The reference architecture also embodies accepted industry best practices, noting numerous criteria specific to the industry of the product being developed, as well as often listing required functions, recommended processes to follow, and suggesting the optimal delivery method for specific technologies.

The ultimate purpose of a reference architecture is to provide developers, technicians, engineers, and their staffs with guidelines – a rough template – to keep in mind as they research, plan, develop, and produce a new product or system, without being so restrictive that it becomes an obstacle to innovation. In fact, one goal of the reference architecture is to provide just enough core prerequisites that the developer can avoid wasting time on immutable details and focus on the new solutions.

In addition, the process of creating a reference architecture is also a way for a client organization to clarify and double check all of the details in their own minds before it goes to a developer, which helps shorten the development time, contains costs, and can serve as a check-off sheet to keep everyone involved on the same page throughout the project.

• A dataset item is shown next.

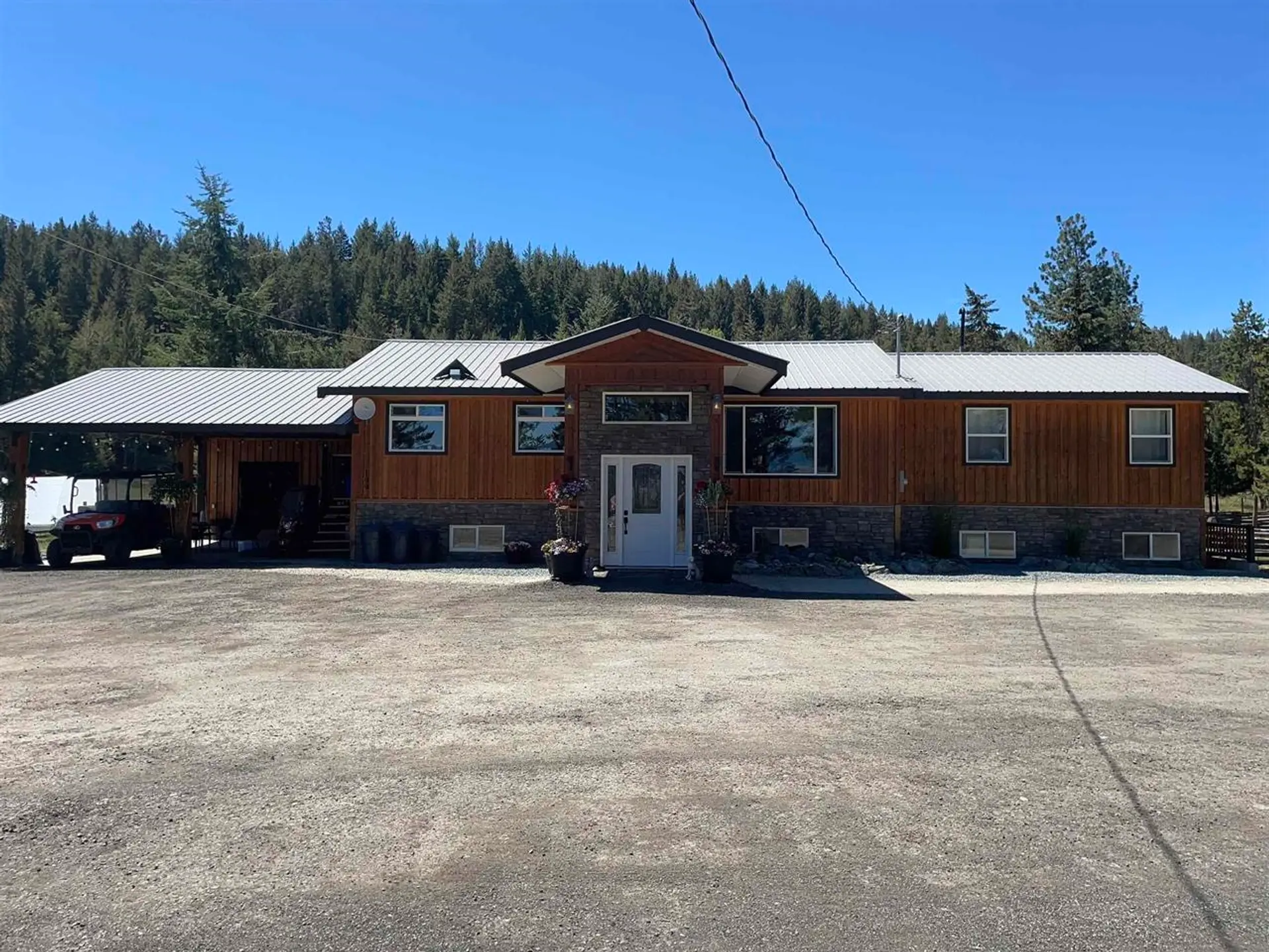 Property at 199 Old Black Mine Road,  , BC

What industries use reference architectures? All professional technology developers use reference architectures to clarify necessary development processes, avoid roadblocks, keep teams on track, avoid cost overruns, and verify end results with their clients. Also, the organizations hiring software and hardware developers use them for all of the previously-noted reasons. There are software reference architectures, banking reference architectures, automotive reference architectures, watercraft reference architectures, and so on. The U.S. Department of Defense (DoD), one of the world’s largest organizations that procures development of cutting-edge technologies via private developers in the defense community, publishes detailed, rigorous Technical Reference Architectures (TRA) for every new technology developed on behalf of the United States.

Reference architectures reduce costs and cut development times of new products, for all parties involved, and the smartest development partners both welcome and advise using them.